Kort read the book during moments of downtime over the next weeks, as he led his platoon of 15 soldiers and four tanks through the Kuwaiti desert, and later when they took up residence in a powerless, abandoned building in Baghdad. It told the story of a young man who leaves a lush green world and arrives on the far more dangerous and arid planet of Arrakis, which holds beneath its sands a critical resource for all of the universe’s competing great powers. (“At the time, when people said ‘This is a war for oil,’ I would kind of roll my eyes at them,” he notes regarding the Iraq War. “I don’t roll my eyes about that anymore.”)

The parallels felt uncanny, he remembers. As the call to prayer rose up around him one afternoon in that darkened building in Iraq’s capital, he says he sensed a connection to Dune. Reading the book felt almost like seeing into a larger story that mirrored the one in which he was playing a small part. “Something in the book really clicked,” he says. “It transcended the moment I was in.”

Kort would become a Dune fanatic, reading and rereading Frank Herbert’s entire six-book series. But it was only years later, after his second deployment to Iraq—a far tougher tour of duty in which he was stationed in a hotbed of Sunni insurgency, with his troops repeatedly hit by roadside bombs—that he began to see deeper similarities.

After all, in Dune it’s the native Fremen whose insurgent, guerrilla tactics ultimately prove superior. Not those of the Atreides protagonists, the Harkonnen villains, or even the galactic emperor and his spartan Sardaukar warriors. No matter which analogy you choose for the United States—or whether the Fremen in that analogy are Iraqi or Afghan—the insurgents outmatch or outlast the superpower.

“You look at it now and you think to yourself, well, of course the lessons are there, right? We’ve learned that a preponderance of technology doesn’t guarantee success. That the military element of national power alone can’t secure your objectives at times,” says Kort, who today serves as a strategic planning and policy officer for the Army. “There are these messy human characteristics in there, where people have honor and interest bound up into it. And the adversary is sometimes willing to pay higher costs.”
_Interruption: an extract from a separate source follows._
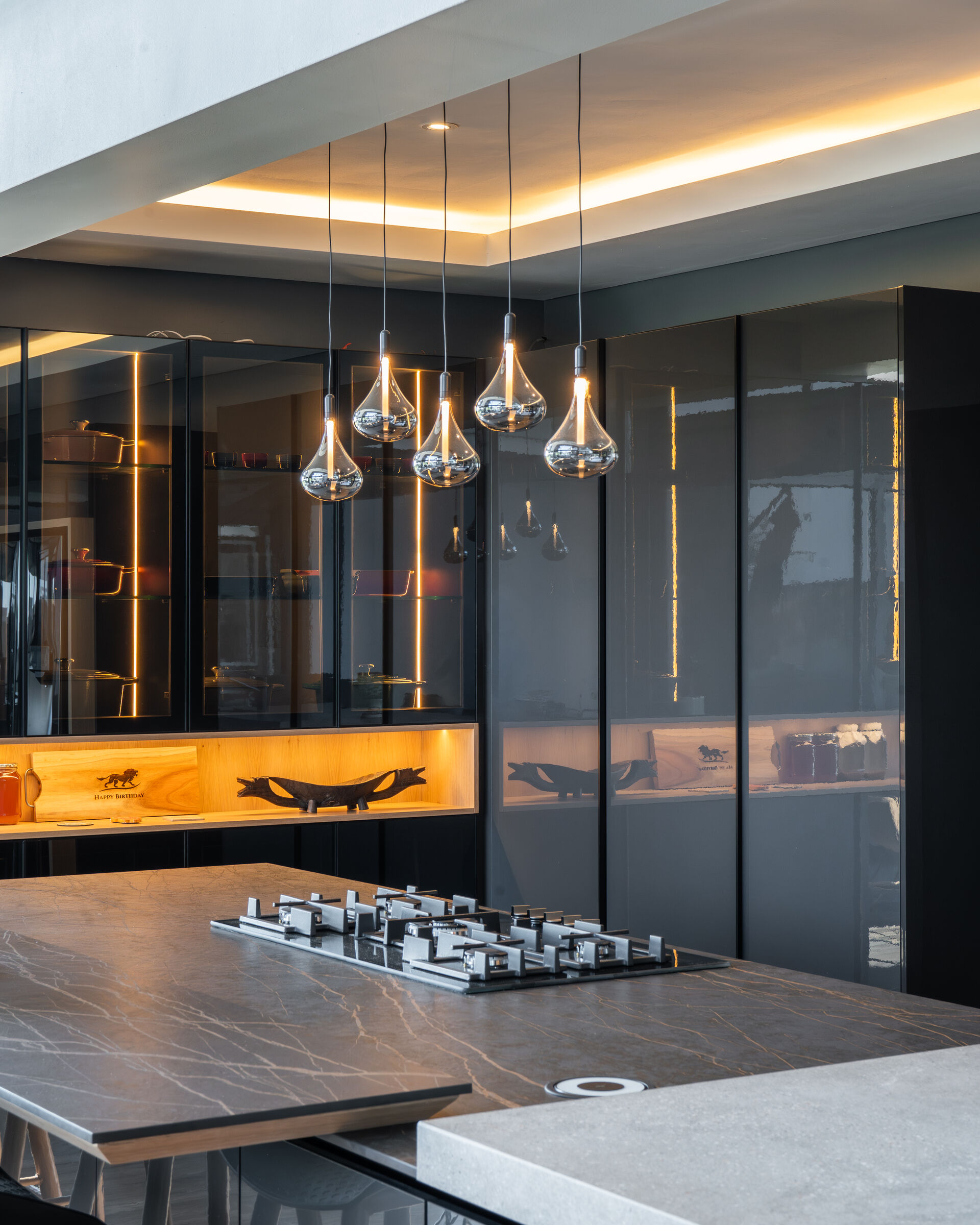 Steyn City Residence II — kitchen and dining space, designed, manufactured and installed by The Kitchen Studio.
In the decades since Herbert published Dune, in 1965, the book’s ecological, psychological, and spiritual themes have tended to get the credit for its breakout success beyond a hardcore sci-fi audience. In his own public commentary on the book, Herbert focused above all on its environmental messages, and he later became a kind of ecological guru, turning his home in Washington state, which he called Xanadu, into a DIY renewable energy experiment.

But reading Dune a half century later, when many of Herbert’s environmental and psychological ideas have either blended into the mainstream or gone out of style—and in the wake of the disastrous fall of the US-backed government in Afghanistan after a 20-year war—it’s hard not to be struck, instead, by the book’s focus on human conflict: an intricate, deeply detailed world of factions relentlessly vying for power and advantage by exploiting every tool available to them. And it’s Herbert’s vision of that future that is now revered by a certain class of sci-fi-reading geek in the military and intelligence community, war nerds who see the book as a remarkably prescient lens for understanding conflict on a global scale.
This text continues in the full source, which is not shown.